This page contains reports from 2006 visitors to the Archives Reading Room, describing their work in their own words. These reports, slightly edited in some cases to make them fit the format, have been taken from questionnaires filled out after the visit.


Dr. Uta Andrea Balbier, Hamburg Institute for Social Research, Germany.

Currently, I am working on a book on modernization processes in American Evangelicalism in the 20th century. One part analyzes new forms of religious expression and worship in Billy Graham's Crusades for Christ and brought me to the Billy Graham Center Archives. I expected a lot from my research there, but the archives turned out to be a real treasure island.


The extensive collections on the organization of the crusades included posters, statistics, newspaper clippings, correspondence with local churchmen, and even film material. These materials gave me a clear insight into the work behind the Crusades for Christ.

The correspondence between L. Nelson Bell and Bob Jones, as much as letters by Torrey Johnson and other members of Youth for Christ, additionally proofed that the new forms of Evangelicalization were also accompanied by a new theological self-understanding of the American Evangelicals after 1945.

As a German historian, it struck me how deep the transatlantic contacts between Youth for Christ, Billy Graham, and German theologians like Martin Niemoeller and Karl Barth went. That gave me an inspiration that might lead to a separate article.

I wouldn't have found many of these things, if there hadn't been the friendly and competent staff of the Billy Graham Center Archives. I thank you very much and do look forward to my next stay.



Ruth Baldwin

I visited the BGC Archives on behalf of a friend whose father's and uncle's memoirs are housed there. I came to view photo albums, diaries, and letters in the collection of Phil and Louie Palermo. While at the Archives, I was able to view photo albums, diaries, and letters during my two-hour visit. It was fascinating to be able to peruse these items as the Palermos are close family friends. I have many fond memories of visits from Phil and Louie.



James Enns, Doctoral Candidate, St. Edmund’s College, University of Cambridge, United Kingdom

I came to the BGC archives in order to do research on a section of my doctoral thesis. The broader topic of my thesis is an analysis and assessment of North American Protestant missionary activity in West Germany during the first three decades of the Cold War. I am covering everything from early Post-War relief and reconstruction to a variety of evangelistic, educational and church planting initiatives undertaken during the 1950s and on through the 70s.

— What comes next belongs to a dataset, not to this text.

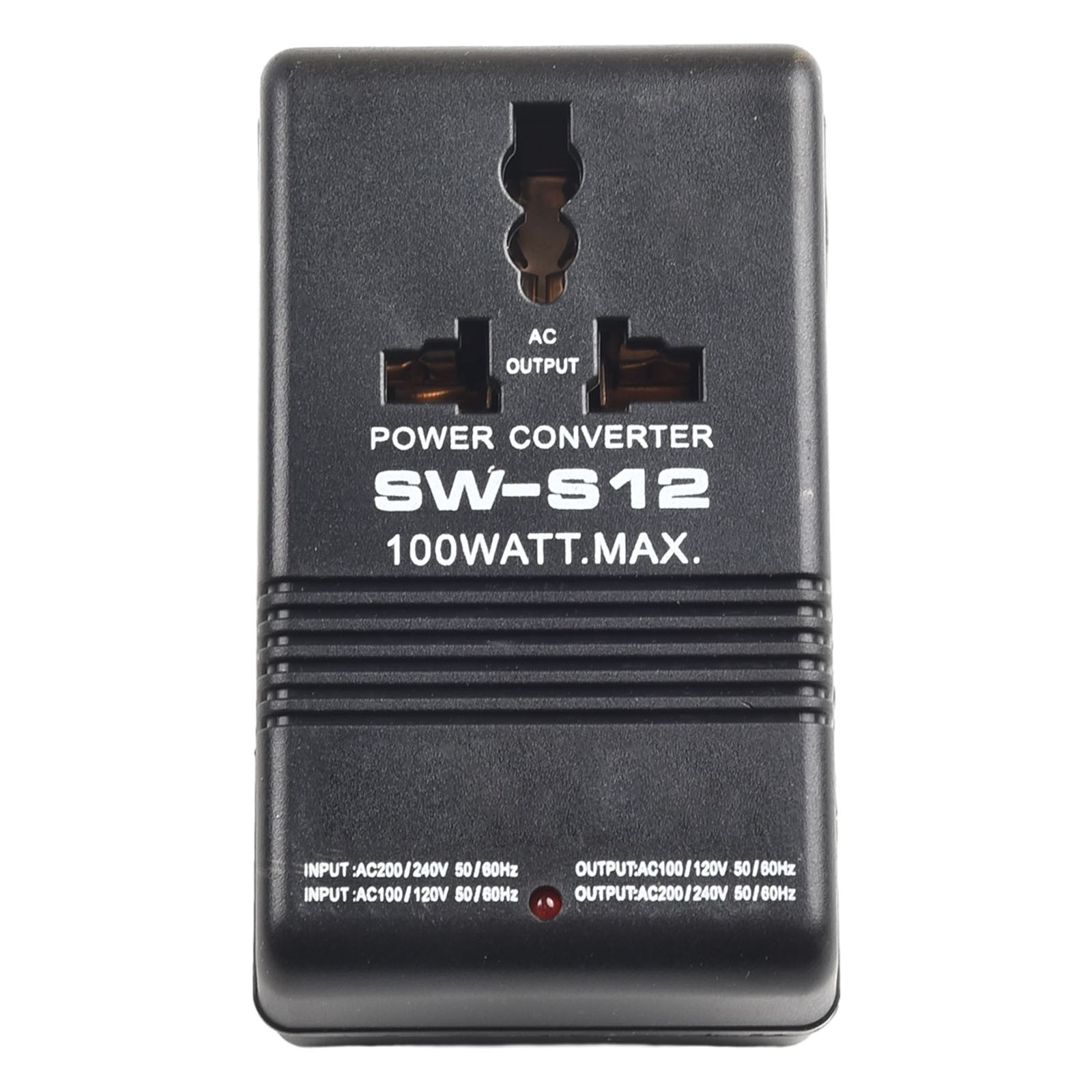 1Pcs Step Up Or Down Voltage Converter Transformer 100W 110V/120V To ...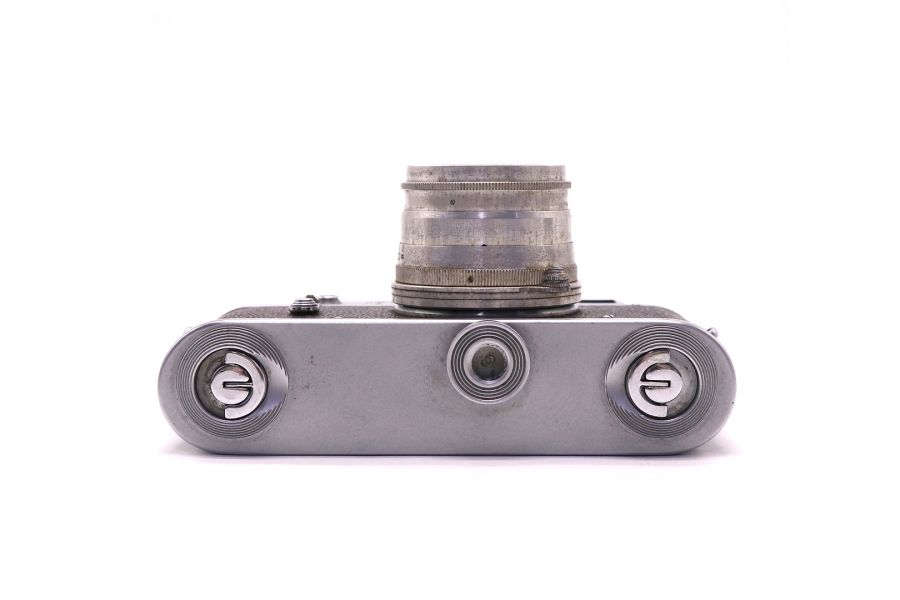 Дальномерный фотоаппарат Зоркий-4 + Юпитер-8 (КМЗ)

My goal in visiting the BGC archives was to find material on the early evangelistic activities of Youth For Christ (YFC) and the Billy Graham Evangelistic Association (BGEA) in Germany during the late 1940s on into the early 1970s. With the kind help of Reference Archivist, Wayne Weber, I was able to identify an extensive range of resources relevant to the above topic. My visit to the BGC archives proved to be very profitable. The YFC material turned out to be more extensive than I had hoped, and the BGEA data on Germany immensely satisfying. Throughout my visit the reading room staff were most helpful, not only in having materials ready for me when I arrived, but in directing me to additional archival records pertaining to my topic, and suggesting efficient ways to prioritize the records I was examining. The staff graciously worked past closing time on several days, allowing me valuable extra hours to complete my work.

In the course of my stay I came across some interesting surprises, which I flagged as topics for future research. One of these was the YFC evangelistic duo of Louie and Phil Palermo: sons of Italian immigrants who ended up touring in North America and western Europe, holding YFC rallies.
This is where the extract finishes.